Producer Masterclass SOLARDO
Solardo’s blend of big bass and house might be riding the crest of a wave, but for one half of the duo, it’s been a long and sometimes difficult journey. Ahead of dissecting his latest CR2 Records release, we talk tech with Mark Foster, discover how Aphex Twin brought dubstep to the world, and learn why setting trends rather than following them is key. And then he reveals something incredibly spooky…
Mark Foster is certainly in a reflective mood, but with over two decades of music production in a wide variety of styles - perhaps too wide as we eventually discover - he’s got a lot to reflect on.
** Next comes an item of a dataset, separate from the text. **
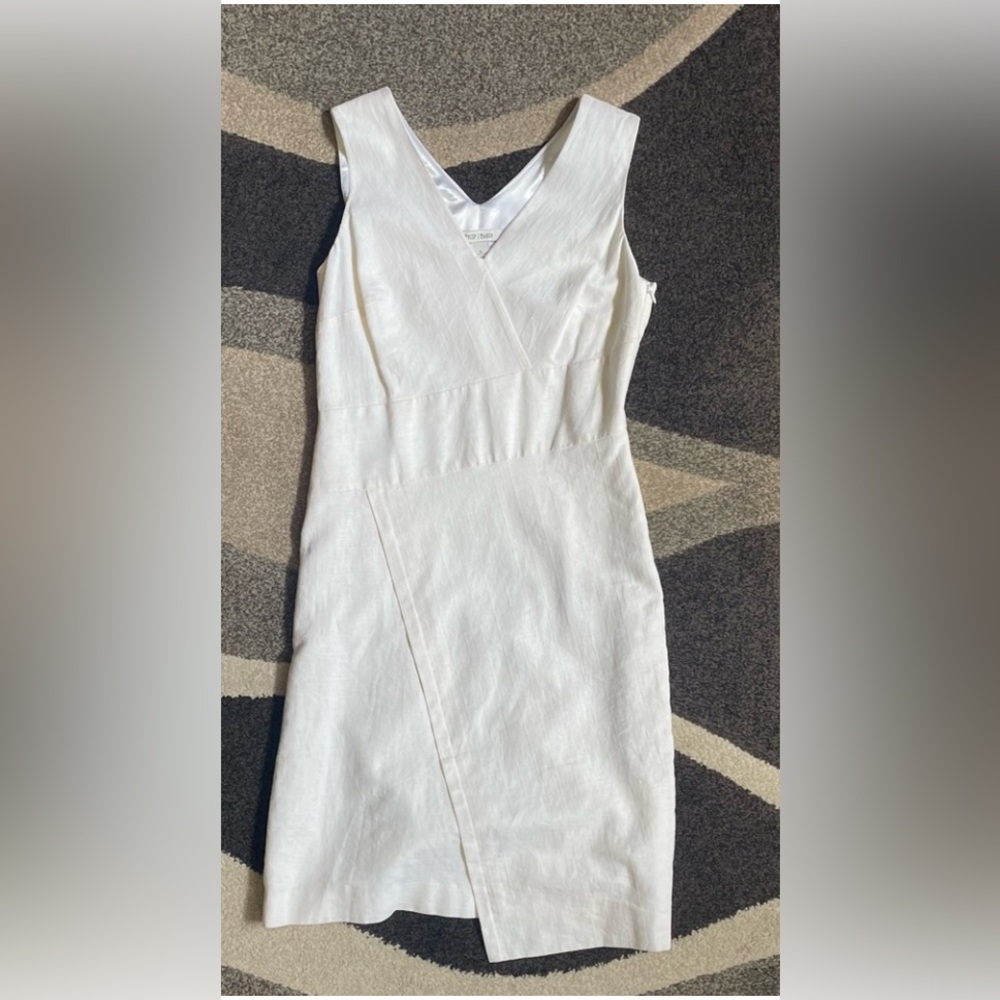 White House Black Market Elegant Off White New Sleeveless Dress Size 6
After discovering music production by way of cheap looping software, he fell in step with Reason, became something of a dubstep and grime pioneer in the 2000s before a brush with celebrity and taking his eye off the ball left him with ‘one more shot’ at making it in music production. In Solardo and new music partner James Barlow just that shot presented itself… and he’s taken it with gusto.
The duo have certainly made waves with their cutting-edge blend of bass house that initially saw them borrow from the very roots of Manchester music - with acid house motifs and beats - to produce an updated Manchester house sound that’s won them fans from many genres, and collaborations/remixes with everyone from Calvin Harris to Duke Dumont and Gorgon City.
With sold-out shows across the globe, appearances lined up across Europe and releases with Harris’s Love Regenerator outfit lined up for later this year, Solardo are at the top of their game. A new sample collection with CR2 Records is out as we speak and it’s time for Mark to dissect one of the tracks he lays bare for that collection in this special Producer Masterclass. Before we get to that, though, there’s a lot of water under the Foster bridge to discuss. Lots of highs and lows and much of it intrinsically linked to music software - different versions, different titles, cracked and not cracked. Foster now believes in the power of attraction and positivity - and with a story that will blow your mind (just you wait). With everything Solardo now coming up smelling of success, let’s look back at his history, it’s easy to see why…
Student to dubstepper
“I started Djing when I was 18, putting on a drum & bass night at Stockport University when I was 18,” Mark begins. “My room-mate was into drum & bass too and we DJ-d as MI6 and decided to start making tunes. We used something like [PC loop-based software] Music 200, just putting blocks together on screen. Obviously the sound quality was horrendous but we got some decent tunes out of it.
“We were sampling records and sent out tracks to everyone and signed a couple to Kenny Ken, the jungle DJ. It was around 1999 so I can’t remember too many of the details! We had a couple of releases on small labels but then Reason came out and we heard it had everything from a studio in one box, so we sacked off going to lessons and just got into that. We had a couple of releases then but it wasn’t really getting too far.”
Mark eventually moved to Sheffield and met the DJ, Oris Jay, one of the pioneers of the then unnamed genre that would become dubstep. Indeed it was Jay who introduced Foster to this burgeoning form of music. “He said ‘I‘ve started making this kind of dark garage, similar to drum & bass but slow in tempo, you should try it’,” Mark recalls.